With the Capture feature you can automatically have your photos backed up to your Box account. You can then edit, share, and access your favorite pics whenever and wherever you’d like.

The storage tiers come with one positive and one negative. There’s a free option that caps you at 10GB of data, but the downside is you can only upgrade up to a maximum of 100GB of storage at $10.

Box is an oldie-but-a-goodie in this space, the Android app is robust, and the service is available for desktops as well. Unfortunately, they do not offer a Linux version.


Mega was super popular a few years back in the Android community, but it seems to have lost its allure of late. Despite the fall in popularity, Mega is still a solid online storage option. However, it still has a great feature set and flexible pricing.

Two things really stand out with Mega: the number of tiers and end-to-end encryption. The tiers start at free with 50GB of data all the way up to 8TB for $33.76 per month. That’s an incredible amount of options when you consider 200GB thru 4TB tiers in between, all of which include photo backups.

Overall, Mega is a solid option. It offers multiple tiers for users to choose from and supports all the major desktop and mobile platforms.


Dropbox is another grand-daddy in the cloud storage family. The company has been around since 2008 and many still consider it the gold standard for file storage on the go. Dropbox has a strong history of both stability and consistent updates to its platform, making it a strong contender.

While the free tier is not great at just 2GB of storage, for $11.99 you can get a full 2TB with Dropbox’s Plus package. Or, take it further with the Professional plan at 3TB of data and real-time team tools such as shared docs and Dropbox Showcase.

From the free tier up, you get photo backups for all your pics. Just like Google Drive/Photos, your photos are almost instantly saved to your shared folder in Dropbox. The app offers a great alternative to Drive and Photos with a really well thought out application and platform support.


And then there’s Microsoft. The original tech giant has shifted towards software in recent years. The once king of computers lost its footing in mobile to Android and iOS so, to combat this, the company has started to offer top-tier apps instead. One such is its version of an online vault called OneDrive.

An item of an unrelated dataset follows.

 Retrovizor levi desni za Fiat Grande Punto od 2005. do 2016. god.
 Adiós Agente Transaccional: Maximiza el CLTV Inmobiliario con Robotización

OneDrive is a strong offering in the online storage market as Microsoft comes with years of server experience to offer both performance and stability that people trust. All OneDrive plans offer photo backup for the likes of our comparison. Much like the rest, you toggle a setting and photos from your phone will automatically be backed up to your OneDrive.

OneDrive tiers start at free with 5GB of data while you can upgrade to 100GB for $1.99 per month. This gets you only storage, but if you really want to get crazy you can integrate with Office 365 and 1TB for $69.99 a year.

If you have a small office or want to expand to the whole family you can give 6 folks the same 1TB a piece for $99.99 a year. The app is well-reviewed on Google Play and is free to download.